Throughout the case, various individuals, including two former prisoners at Abu Ghraib, submitted testimonies in her defense proclaiming her innocent nature, which were officially accepted by the court. These prisoners noted Harman’s 'gentle' treatment of detainees, something unusual compared to other guards at the facility, who generally saw the prisoners more or less as a proxy for military intelligence – “She has no cruelty in her, even though she is an American woman, she was just like a sister.”

At her sentencing, Harman stated:As a soldier and military police officer, I failed my duties and failed my mission to protect and defend. I not only let down the people in Iraq, but I let down every single soldier that serves today. My actions potentially caused an increased hatred and insurgency towards the United States, putting soldiers and civilians at greater risk. I take full responsibility for my actions. ... The decisions I made were mine and mine alone.
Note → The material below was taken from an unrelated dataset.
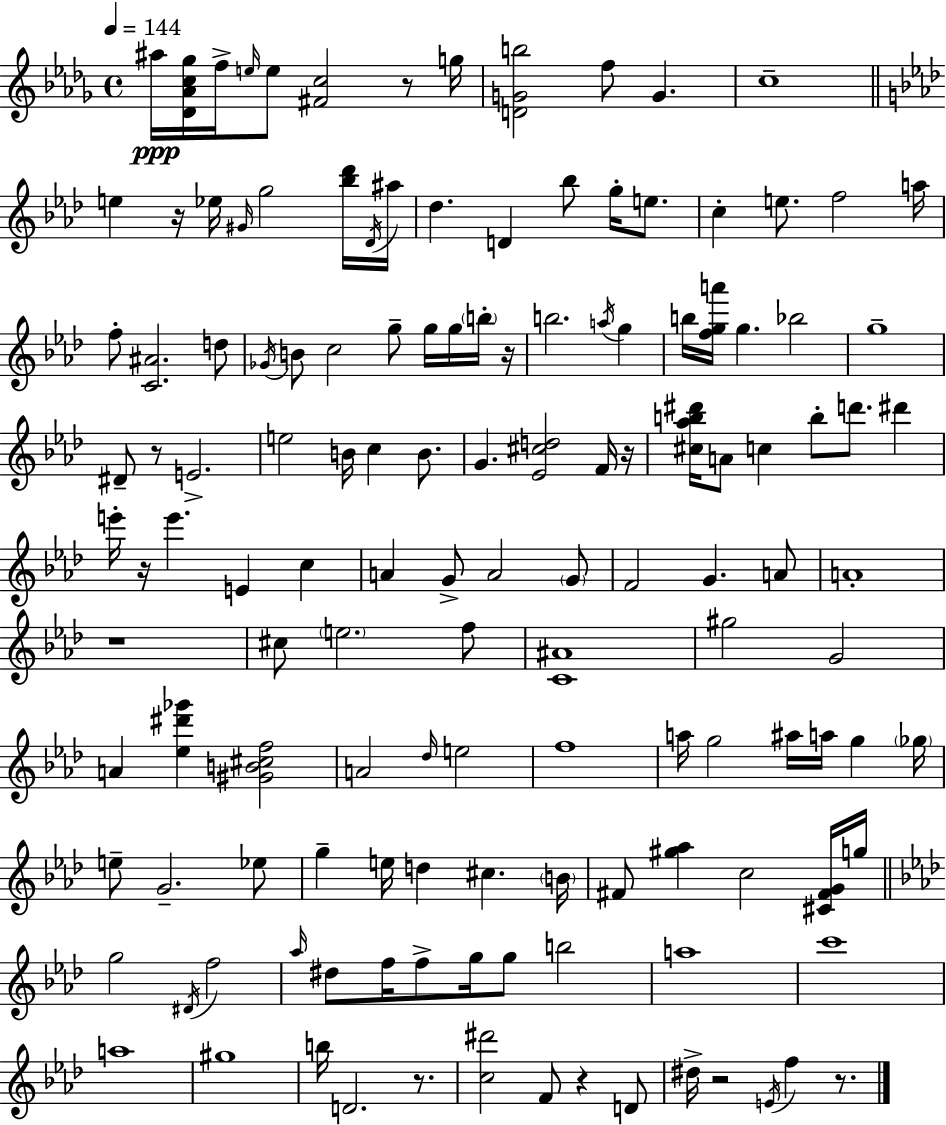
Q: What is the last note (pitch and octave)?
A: F5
Harman's attorney said he hoped to see the military chain of command put on trial, rather than low-ranking reservists like Harman:
"I don't think we can even begin to imagine the kind of environment that she was in. First of all, she wasn't trained to be a prison guard, so she didn't even know the basic rules. She wasn't trained in military intelligence. I don't think any American can really truly appreciate the stress that existed along with the fact they were undermanned and not trained to perform this mission."

On February 4, 2010, the United States Court of Appeals for the Armed Forces unanimously upheld Harman's convictions.

==Later life==
Harman spoke about her experiences at Abu Ghraib in the documentary film Standard Operating Procedure (2008).